How to lose (and find) your boyfriend

  1. Take the only set of keys between the two of you. Make sure his phone is out of battery with a broken screen.
  2. Get into an argument about keeping each other informed of whereabouts right before he leaves his office to come home.
  3. Watch a movie and fail to notice when he allegedly rings doorbell.
  4. Get excited when it’s close to the time he’s supposed to get home.
  5. Realize he never showed up.
  6. 30 minutes after supposed time of arrival (STA), begin to panic. Assure yourself he made a pit stop somewhere.
  7. 1.5 hours after STA, really panic. Fling open door to see if he’s standing outside, waiting.

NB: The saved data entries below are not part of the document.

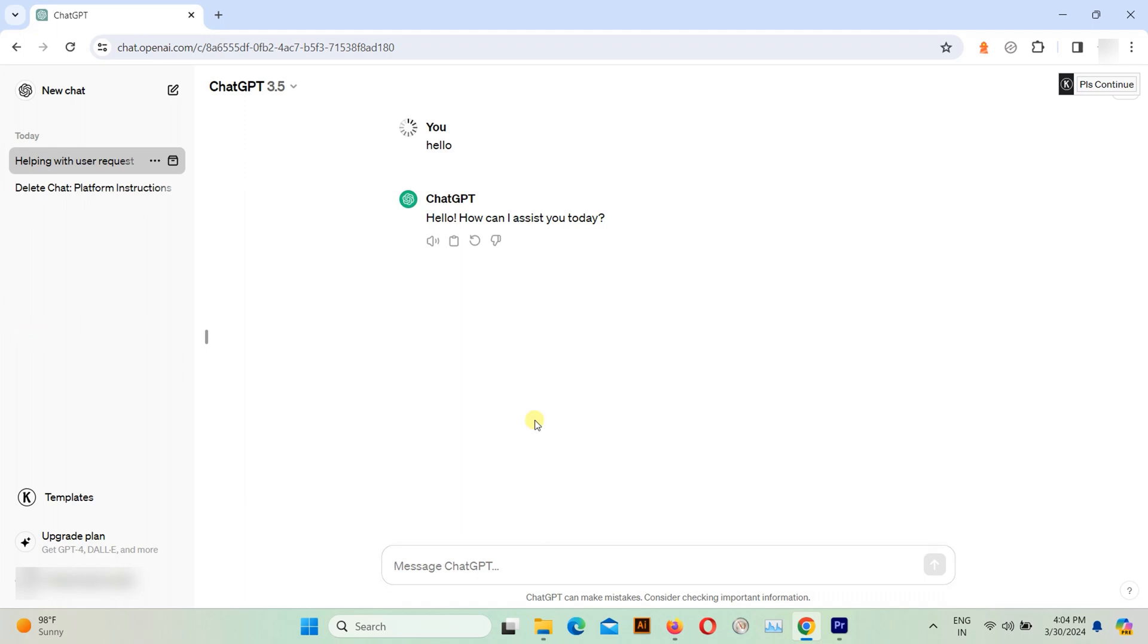First we will show you deleting individual chat. You should see a list of your past conversations with ChatGPT.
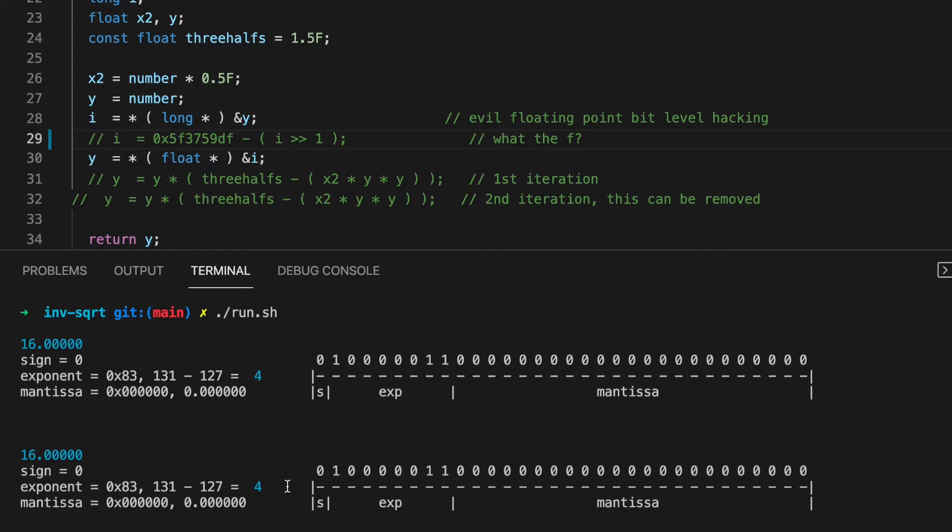To be sure, dividing the exponent by 2 is the same as taking the square root, and negating it is the same as taking its reciprocal. How can we go from 4 to minus 2 in this case?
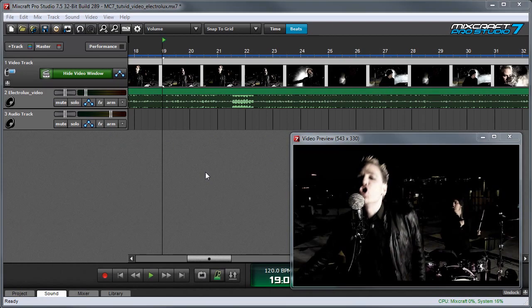MixCraft's video effects are really easy to use. If you've used MixCraft's lane-based automation for mixing your audio effects, you'll already know how to use them.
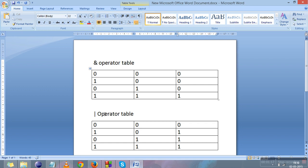Now we will move to the OR operator table. When you apply OR on 0 and 0 the result is 0. When 1 and 0 the result is 1. When 0 and 1 the result is 1. When 1 and 1 the result is 1. To simplify, OR operator is more like a plus. We can also say that if any of the bits is 1, the result will be 1.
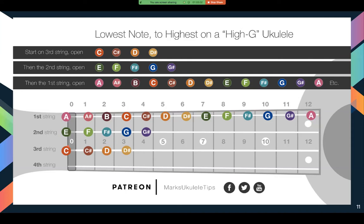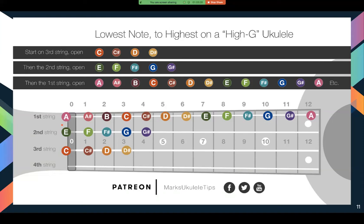So going from lowest to highest, you wouldn't bother playing duplicate notes — just change string and go all the way back to zero. Starting from C: C, C sharp, D, D sharp — change string — E, F, F sharp, G, G sharp — change string — A, A sharp, B, C, C sharp, D, D sharp, E, F, F sharp, G, G sharp, A. You can play around with that to get used to your instrument going from the bottom all the way up to the top. If you're playing a low G it looks a little different — you'd start G, G sharp, A, A sharp, B — change string — C, C sharp, D, D sharp — change string — E, F, F sharp, G, G sharp — change string — A, and all the way up to your highest note.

  8. Devolve into a state of utter fear and alarm. 2.5 hours after STA, run around the neighborhood with nothing but a blanket to keep warm with to see if his dead, lifeless body is lying in the road, blown to bits by New Year fireworks.
  9. No? Go back home, collapse in sobs and pray to God that he’s still alive and unhurt. Start frantically calling and IM’ing friends about what to do.
  10. Advised to calm down and wait to see if he shows up at work tomorrow, 10 whole hours later. Start trying to find out contact information of people who may know his whereabouts.
  11. Try to sleep on couch, but really just praying silently that he’ll come back home. Hear a noise at 2:30 a.m., look outside, but nothing.
  12. Call the British embassy missing persons hotline 8.5 hours after STA. Instructed to call local police.
  13. Tear room apart looking for boyfriend’s phone.
  14. 9.5 hours after STA, open door for one last check. Scream at the lump lying on the doorstep. It’s boyfriend! Immediately dissolve into uncontrollable, convulsing blubbery sobbing and broken sentences: “I thouuuughghghgguthgh … oh Gaaaahhhooooddddd … where haaaavve youuuuuuuu wahhhhhhhhhhhhhh!!!!”
  15. Put him on a leash.*

I need to move to a place with crime incident and accident reports. It would help a lot in times like this. Thanks to everyone who talked me through my increasing state of hysteria as I let my worst fears take over.